Labour leadership election 2010, and AV

Labour's leadership election produced the right result. There is plenty said by people about how the wrong man won, how it was David's win stolen by Ed...I don't particularly care, both to me lacked the direction I wanted to see from the party.

What irks me is the claim that AV as a voting system is shown to be bad because of this result. Utter tosh, on three levels.

1. The result was conducted in terms that everyone understood, as has happened in the past, with a defined electorate - all of which have the right to a say
2. The AV election for the Labour leadership is a weighted system, so not every person's vote counts the same. A Labour MP has a bigger say than a member, who means more to the result than a union member. This is incomparable with the system proposed for the UK General Elections.
3. The result was, on a person by person, one person one vote basis Ed's win with a clear margin anyway. So Ed won not only under the system as designed (as wrong as that weighted system may or may not be), but he'd have won under a normal AV election too.

Round 1: 114205 votes for David, 125,649 for Ed.
Round 2: 118175 (+4370) votes for David, 137599 (+11950) for Ed.
Round 3: 127389 (+9214) votes for David, 149675 (+12076) for Ed.
Round 4: 147220 (+19831) votes for David, 175519 (+25844) for Ed.

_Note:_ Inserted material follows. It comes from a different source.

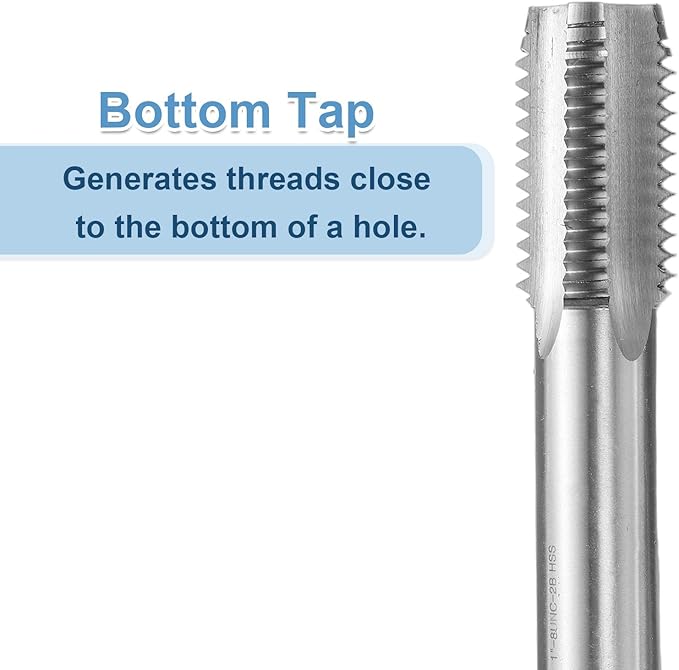 uxcell Hand Bottom Tap 1-8 UNC 2B Thread Bottoming Style Threading Taps High Speed Steel HSS6542 Straight Flutes Screw Tapping Tool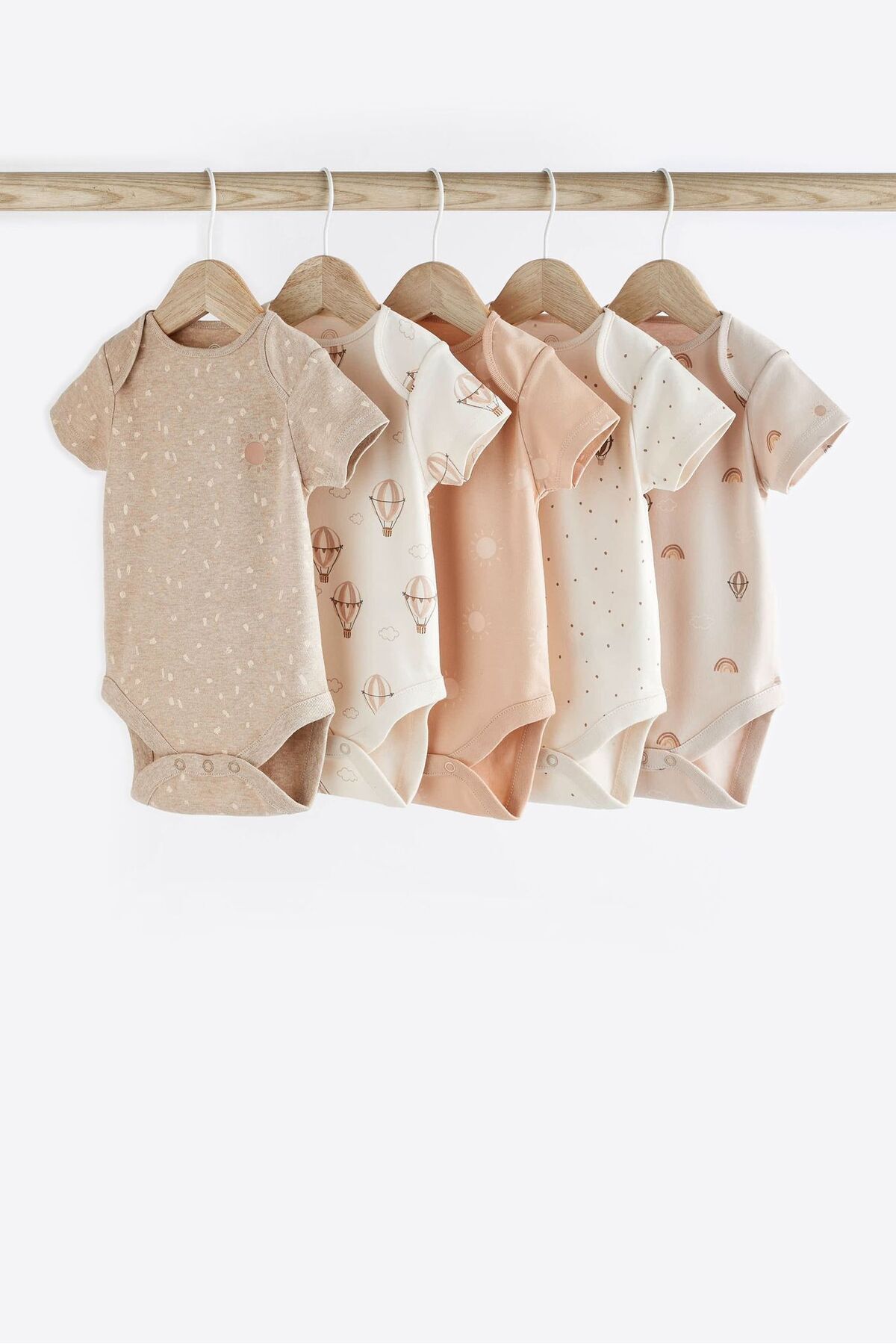 Next Baby % 100 Pamuklu Neutral Kısa Kollu 5'li Body Zıbın Set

Is that simple enough to understand? In FPTP terms, without weighting, Ed won. In AV terms, without weighting, Ed won. In AV terms with weighting, Ed won. The only situation that Ed didn't win was the fictional, and completely redundant argument of if FPTP had been used with the weightings. Ed even gained more support every round compared to David!

Should only MPs and Members be able to vote on who leads the Labour party, that's what this result *really* asks. The voting system is not even in question, the only "problem" here is that those who are directly involved with, and directly pay money to, the Labour party clearly wanted David more...but the union's bought in vote changed that. If the result was unpalatable it wasn't because of the system, it's because unions have had the right to let their member's voices be heard in the leadership election too.

1 comment:

  1. Very well worked out, I wish I'd looked at it that way. Thanks.